I was a terrible child. I don’t mean I behaved badly – I mean I was terrible at being a child. According to nearly everyone that had a hand in raising me, I have been X going on 30 since I could speak. I’ve got about 48 hours to go, so let’s recap the promises that were made and the glory that is about to rain down on my life on November 6, 2016.
30 has been a sort of magical age for me for as long as I can remember. Somehow, every adult in my life mutually agreed that this was the age when all my dreams would come true. “When you’re 30” everything you want to happen starts happening; everything you resent will go away. 30 was my happily-ever-after.
“When you’re 30, you can wear that.” This was a frequent promise that my mother made in fitting rooms at the Monmouth Mall. Halter tops, mini-skirts, anything with sequins or rhinestones, and definitely anything with cleavage: strictly off-limits. But man, was I going to be one hot 30-year-old in my mini-skirt and rhinestone halter top. (A brilliant strategy on her part, as my mother can now tell me I am too old for these garments.)
“When you’re 30, boys will like you.” As you can imagine, my restrictions on skin-bearing clothing and my old-soul mentality made me a really hot item in middle school. And high school. And college. And my 20s. But according to everyone I have ever complained to about my loveless life for the past 18 years, when I turn 30, some magic gates will open and hordes of handsome sophisticated men who love a sassy woman will be waiting for me.
“When you’re 30, you can date.” This former promise is so convenient, because just as men get hip to me being a total catch, I will officially be allowed to date! (Sorry Dad, I may have cheated on this one a little bit. But basically, fine, you told me so and I should have just listened and could have saved a lot of heartbreak and disappointment. Goddamn, my parents are prophetic.)
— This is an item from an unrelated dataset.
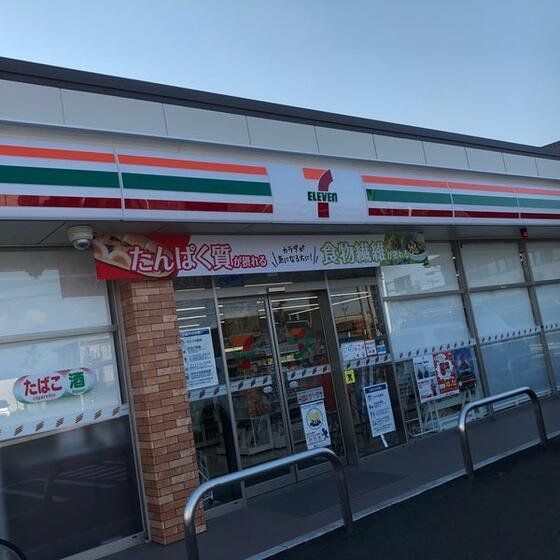 コンビニ　セブンイレブンかほく白尾店（コンビニ）まで566m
“When you’re 30, you’ll change your mind about not wanting kids.” Aw man, so sad to retire this one. I’m really going to miss the condescending tone of those who think they know my wants and needs and body better than I do.
“When you’re 30, it won’t matter.” Insert daily drama of middle/high school. It doesn’t.
“When you’re 30, you can tell me if you still think it’s cool to go to a concert with your Dad.” My father and I may have gone to see Celine Dion in concert at least 4 times. What? It was the 90s, and she was all the rage. I was about 9, so I my sarcasm-detection was not as finely honed as it is today, but I think my father may have been suggesting that by age 30 I would not think it was cool to hang out with him at a concert. And this may mark the only time in 30 years that my father has ever been so wrong, because to this day, there’s nothing I love better than listening to live music or catching a show with my Dad.
I wanted a lot from life at an early age. I wanted freedom (could I live in an apartment in the backyard?) and wild adventures and epic love (like Buffy and Angel). I wanted city life. I wanted to see the world. I wanted to swallow up every book I could get my hands on. I wanted good food – gourmet food. I wanted to make a difference. I wanted and wanted and wanted.
And now I’m 30. And I now have it: the life I always wanted.